We tweeted a few snippets from the event yesterday afternoon, but as a whole, the point was to talk about how brands can leverage pop culture and current events as a branding tool. Paul Chibe, VP of US marketing at Anheuser-Busch, which just recently, through its Budweiser brand, was part of Jay-Z’s “Made in America” concert festival, said the key is being relevant at cultural “tension points.” So brands need to be mindful of what’s happening in music, in the news, and generally be aware of which way the cultural winds are blowing. And where their brands, products and services can participate, they should.

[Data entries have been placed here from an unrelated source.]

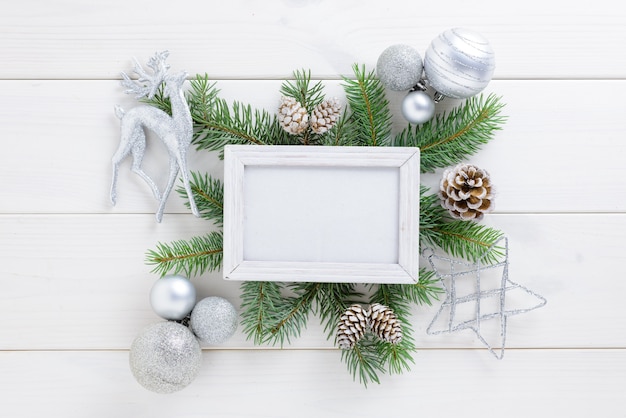 Marco de fotos con decoración de Navidad, con bolas blancas y piñas en una mesa de madera blanca. Vista superior, marco para copiar espacio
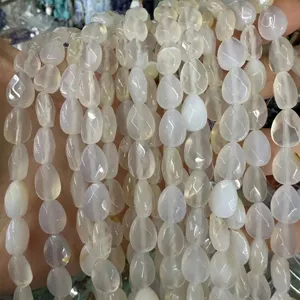 Close-up detail of natural white agate faceted waterdrop beads for jewelry DIY projects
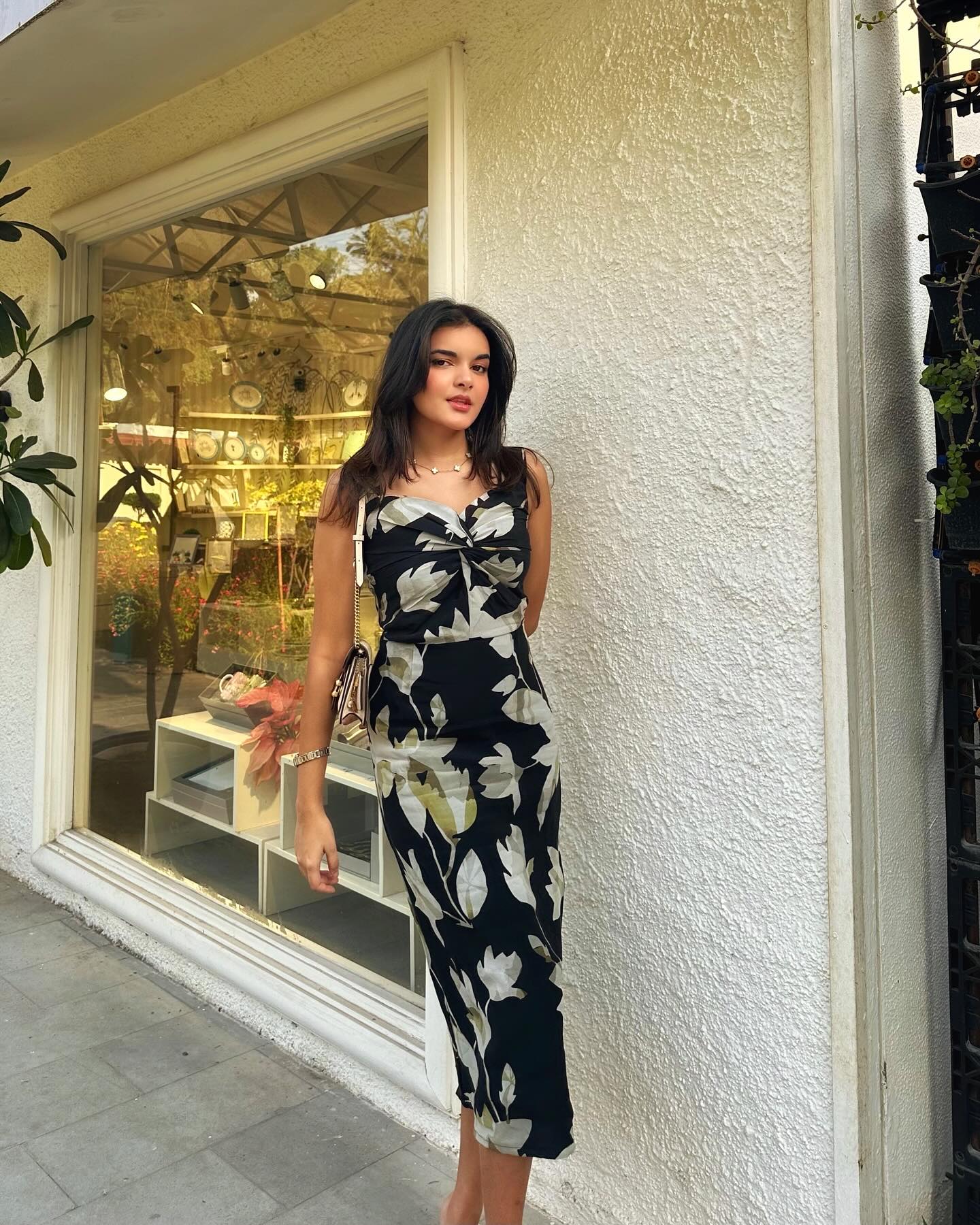 Outdoor shot of the model walking in a black floral print midi dress with strap shoulders, capturing natural movement and poise.
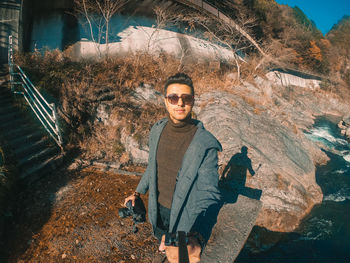 Portrait of young man standing on rock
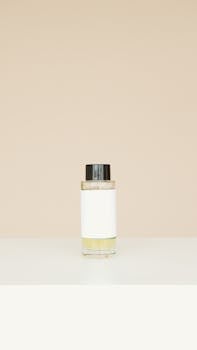 A sleek glass bottle with a label, ideal for branding or product mockup.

However, it has to be done in a way that’s natural. For example, Pam El, State Farm’s VP of marketing who was recently named to Ad Age‘s list of most influential women, talked about that company’s campaign with the animated film Cars. They’re an insurance company, it was a movie about cars, so it made sense. (State Farm is listed on the media alert we received as one of Translation’s clients. Budweiser and Coca-Cola, which was also repped on the panel by assistant VP of marketing Kimberly Page, are also among the firm’s clients.)
And then there was Luke Wood, president and COO at Beats by Dr. Dre, who talked about that company’s experience at the London Olympics. Technically, they weren’t a sponsor, Wood said. But Beats headphones were everywhere because the athletes all had them, courtesy of the company. “We were in the cultural waters,” said Wood. Rather than going the traditional route with the Olympics, which he called “stale,” he went to the younger, cooler athletes.
And what could a supermodel add to this discussion? An interesting twist actually. Campbell talked about how difficult it is for black models in the fashion industry. According to Campbell, she grew up without much talk of race, but became part of the conversation when she began her career. “With the help of designers, agents… and others behind me pushing, I made it through,” Campbell said. ”There are magazines that still won’t put a black model on the cover.” Vogue Italia and its special edition dedicated to black models is an exception. Campbell considers editor Franca Sozzani as an advocate for diversity. And ultimately, Campbell has become a pop culture icon despite the obstacles.
She also gave a couple of interesting and juicy tidbits from her 28 years in the industry. Looking back, she remembered the famous designer, now deceased, who helped her to become the first black model on the cover of French Vogue. Stoute, and many in the audience no doubt, thought she was talking about Gianni Versace. Actually, she was referring to Yves Saint Laurent. She also talked about bringing Jay Z and Diddy to Cannes for the first time years ago and the enthusiastic reception they received. “They couldn’t believe how they were treated,” she recalled. “People commented on how they brought glamour and that way of life. I want to put the best with the best.”
Oh, and also, she has a new show, The Face, a kind of America’s Next Top Model in which she’ll serve as a mentor to 24 contestants.
In a final bit, she echoed a sentiment by Chibe about the need to take risks. Earlier in the discussion, he made clear that there will be times when you try something that doesn’t work. But in the end, you won’t get anywhere if you don’t go out on a limb. Campbell also advised everyone to get in on the ground floor with talented people that you believe in.
“I first work with brands when they’re young, knowing that as they get bigger, they take you with them,” she said.